The sisters were successful in their initial undertakings and began to expand their missionary work in the country. This included the opening and operation of schools in, among others, Baguio, which was still part of what then the sub-province of Benguet; Santiago, Isabela; Lucena, Tayabas5; Pakil in Laguna; and Lipa in Batangas6.
As mentioned, this school in Lipa was called the Our Lady of the Rosary Academy. By the time the Maryknoll Sisters turned over operations of the school to the Canossian Sisters in the late 1960’s, by which time their missionary work in the city was said to have been completed, the congregation in the country was made up of both Americans as well as Filipino nuns.
The distinction of being the first-ever Filipina to have been accepted into the order went to Sister Maria Concepcion Kalaw, originally of the City of Lipa. She was born Dolores Katigbak Kalaw on 9 March 1904 to Cipriano Kalaw and the former Feliza Africa Katigbak.
Both surnames elicit respect in the city. Her father, in particular, was not only among the advisers of General Miguel Malvar, he also acted as the Treasurer of the so-called Hong Kong junta organized by General Emilio Aguinaldo. Her mother, on the other hand, belonged to one of the oldest and most respected clans in the city7.
Before becoming a nun, Sister Maria Concepcion was employed at the University of the Philippines as a Chemistry lab assistant. She also lectured in two subjects, Chemistry and Bacteriology, at the Philippine Women’s University.

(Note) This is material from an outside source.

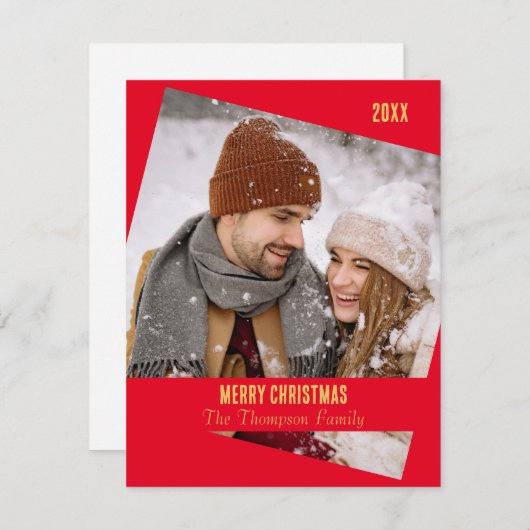 クリスマスシーズンの赤い金ゴールドの可愛い家族写真 (正面/裏面)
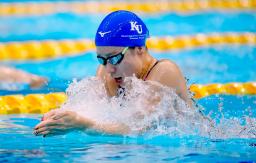 　女子２００メートル平泳ぎ決勝　優勝した石原愛依＝東京アクアティクスセンター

Upon realizing her vocation, she joined the Maryknoll congregation on 16 July 1930. After presumably pursuing further studies and obtaining training in the United States for their missionary work, she would return to the Philippines in 1934 where she would be assigned at what was then the Municipality of Lucena.
There, she was said to have been “devoted to her classes but also to the betterment of the people of the barrio8.” In all, she would devote 41 years of her life as an educator and as a tireless and devoted worker in many of her religious congregation’s many ministries.
She would pass away on 19 July 1973 at what may be considered a relatively “young” age of 69. There would be other Filipinas who would join the Maryknoll Sisters but the distinction of being the first will always belong to Sister Maria Concepcion Kalaw.
2 “History (of the Maryknoll Sisters),” online at Maryknoll Sisters.
3 “Michael J. O’Doherty,” Wikipedia.
4 “Maryknoll Sisters in the Philippines,” by Fr. Miguel A. Barnard, SJ, published 8 August 2005, online at the Philippine Star.
5 Presently the Province of Quezon.
6 Barnard, op. cit. 7 “Sr. Maria Concepcion Kalaw: First Filipina Maryknoll Sister,” published 8 April 2021, online at The Wise Friar.